Saying the state’s position in a lawsuit over where lakefront property is public or private wasn’t substantially justified, the Ohio Lakefront Group is asking to be compensated for attorney fees and related expenses incurred in the seven-year legal battle that reached the Ohio Supreme Court.
The group, which represents about 7,000 residents owning property along Lake Erie, filed a motion in Lake County Common Pleas Court recently seeking $509,453 in attorney fees and $68,791 in expenses.
In a 7-0 decision last month, the Ohio Supreme Court ruled the state holds a public trust that “extends to the natural shoreline, which is the line at which the water usually stands when free from disturbing causes.” The decision reversed a ruling by the 11th District Court of Appeals that lakeside owners’ property rights extend to whatever point on shore is in contact with the waters on any given day.
But the Supreme Court also rejected state arguments that its public trust over the lake extends to the “ordinary high water mark” as defined by a survey by the U.S. Army Corps of Engineers in the 1980s.
The landowners’ complaint in 2004 named three defendants: Ohio Department of Natural Resources, its then director Sean Logan, and the state, and asked the Lake County Common Pleas Court to invalidate ODNR regulations that enforced the state’s public trust authority up to the high-water point, which the ODNR identified as 573.4 feet above sea level based on the survey by the Corps of Engineers.

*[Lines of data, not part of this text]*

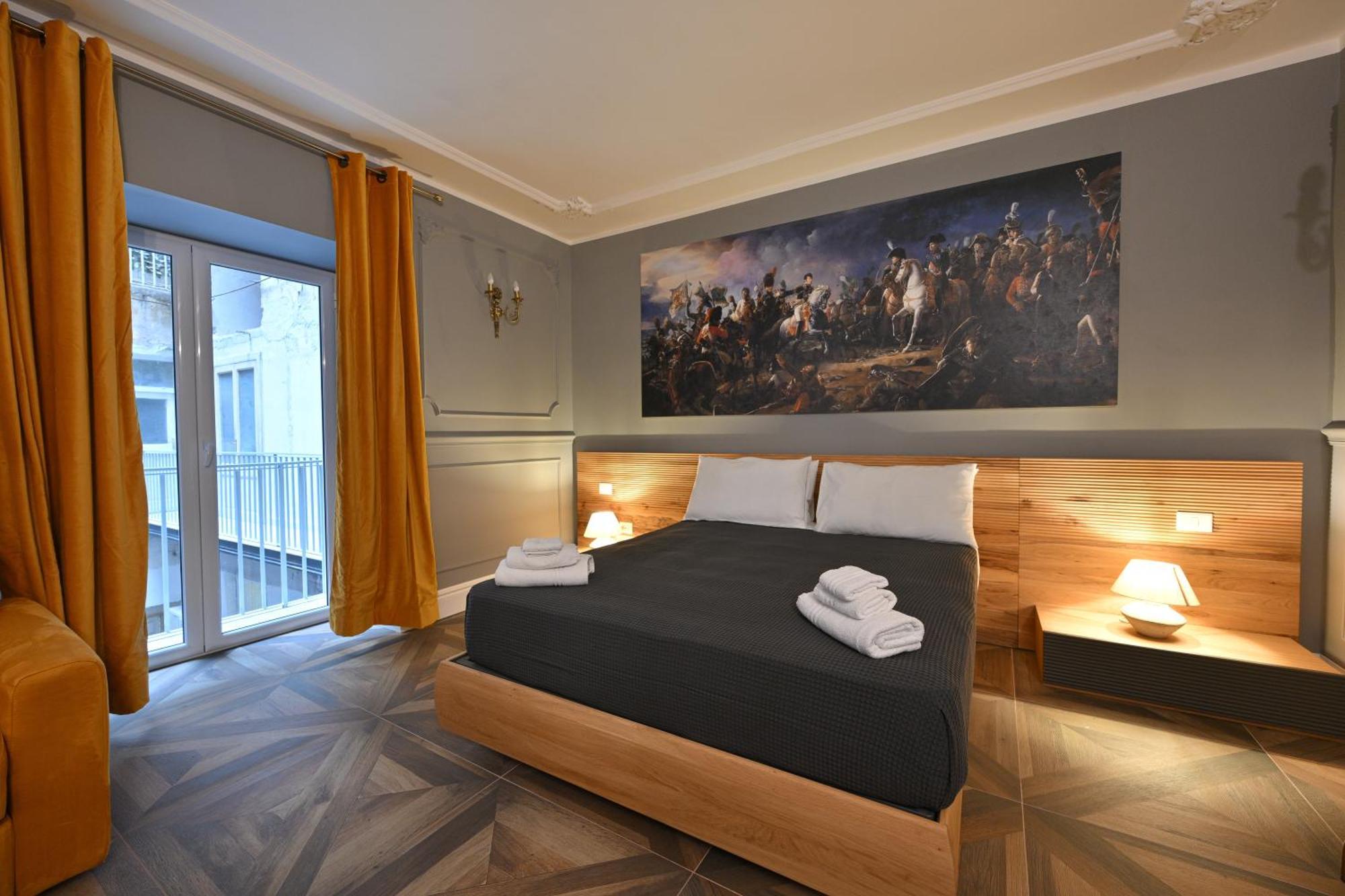 Toledo 424 Suite 나폴리 외부 사진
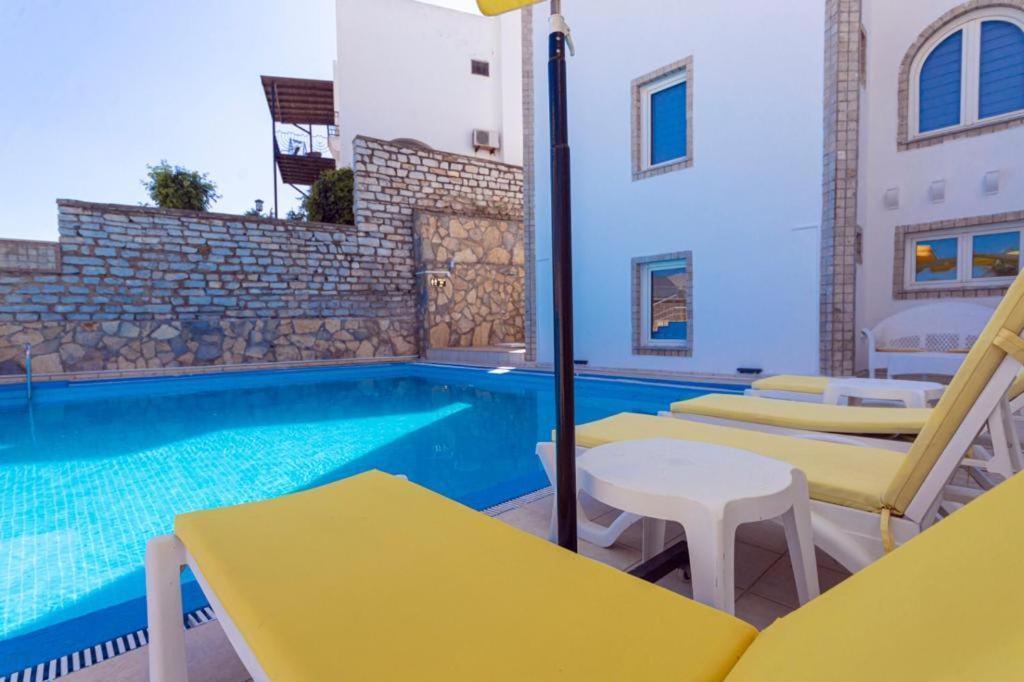 Hola Bodrum Mugla Eksteriør bilde
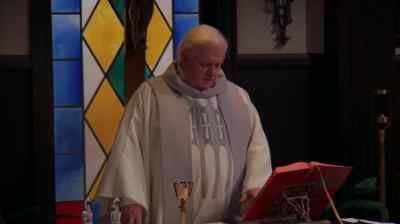 - Father, you are holy indeed, - Everybody Loves Raymond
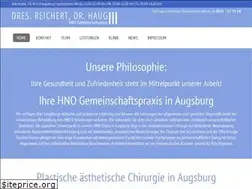Sites similar to reichert-haug.de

Their complaint also objected to the department’s policy of enforcing a lease on owners to place docks and other structures out into the lake waters and filed claims against the state alleging unconstitutional “taking” without compensation of their property from the waterline up to the high-water mark.

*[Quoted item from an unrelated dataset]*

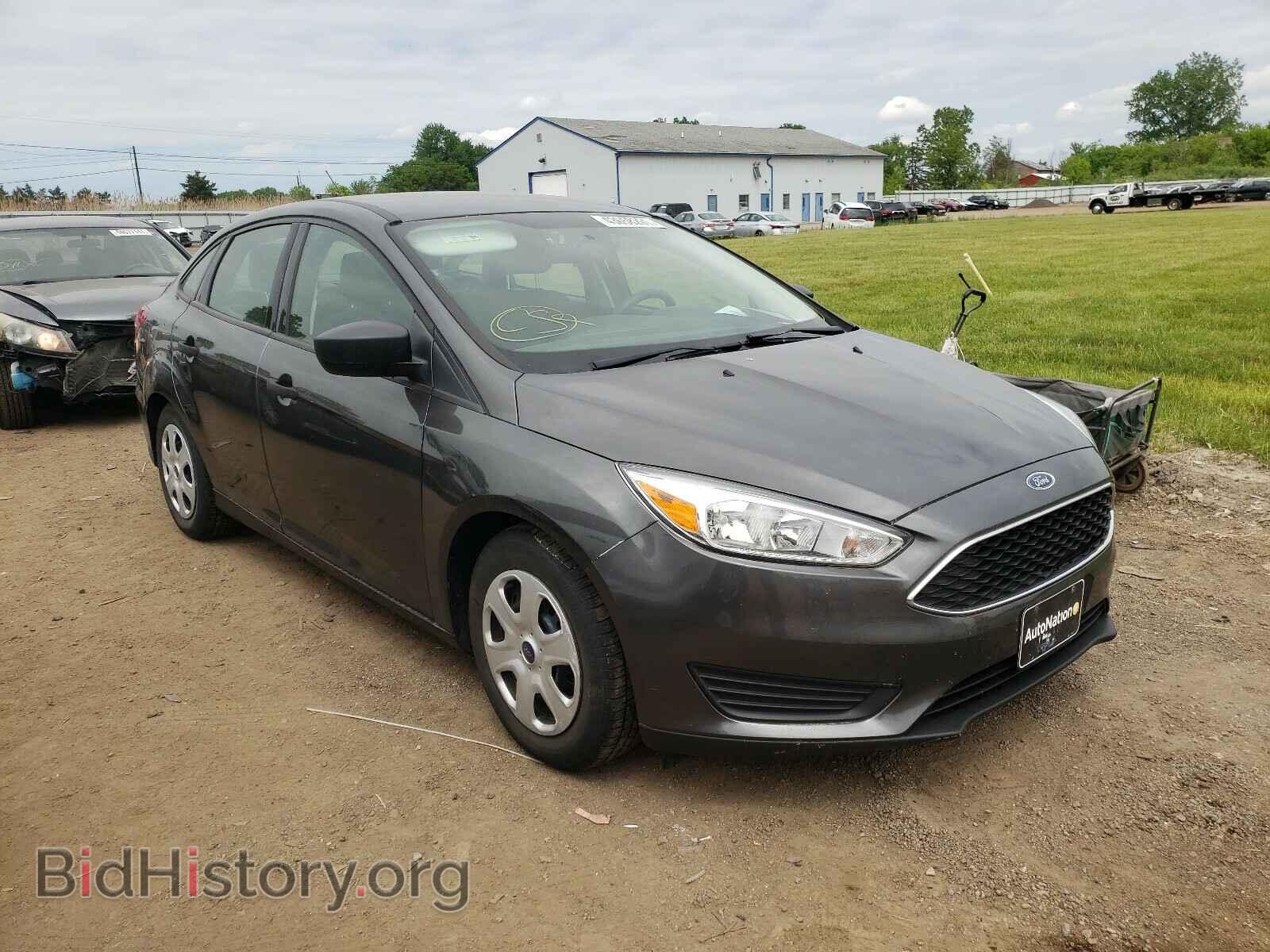 Фотография 1FADP3E26FL299046 - FORD FOCUS 2015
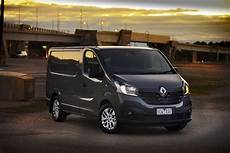 Renault Trafic Front Splitter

When Gov. Ted Strickland took office, he reversed the policy of requiring leases and the ODNR began recognizing the presumptive deed rights of landowners to use their property below the ordinary high-water point without entering into a lease.
The department said its policy change was subject to future revision after a final decision by the courts on the trust authority issue.

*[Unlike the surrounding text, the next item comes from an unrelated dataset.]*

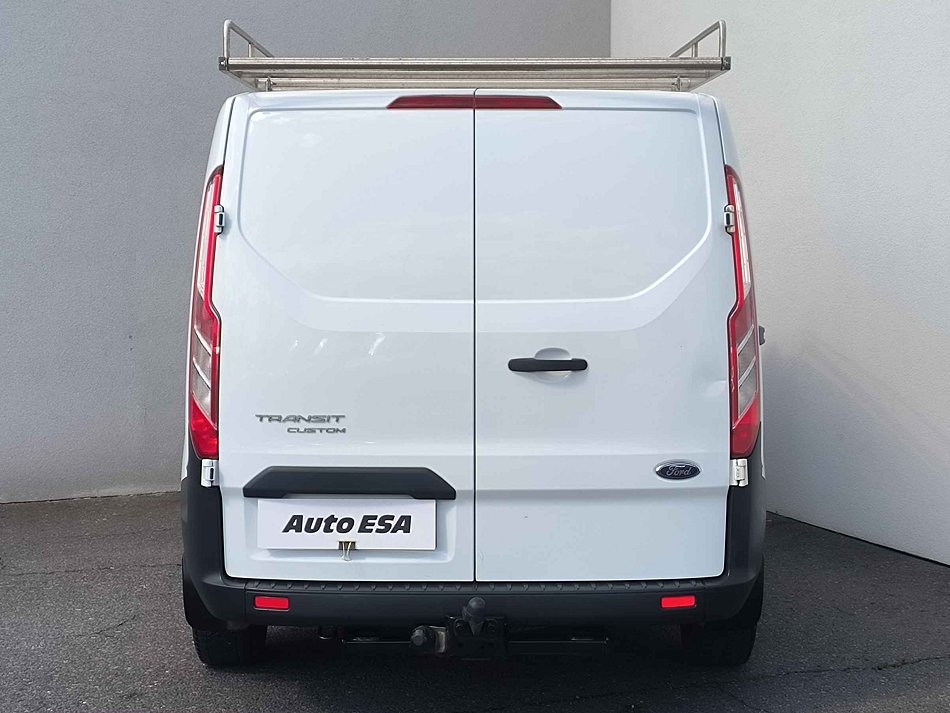 Ford Transit Custom 2.2TDCi Trend L1H1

The ODNR didn’t participate further in the case but former Attorney General Mark Dann argued on behalf of the state that its public trust authority extends to the ordinary high-water mark. The National Wildlife Foundation and Ohio Environmental Council were also given permission to intervene in the case as interested parties and filed briefs supporting the attorney general’s position.
Tony Yankel, president of the Lakefront group, said in a posting on the group’s website property owners felt compelled to file a court case because of the ODNR policy.
“We are only asking the State of Ohio to compensate us for the money we were forced to spend to defend our rights as property owners,” he said. “Our motion does not include compensation for the thousands of volunteer hours that homeowners were forced to spend fighting this policy that was so clearly wrong.”
A spokesperson for the attorney general's office said Friday the motion is being reviewed and the office will "respond in court at the appropriate time."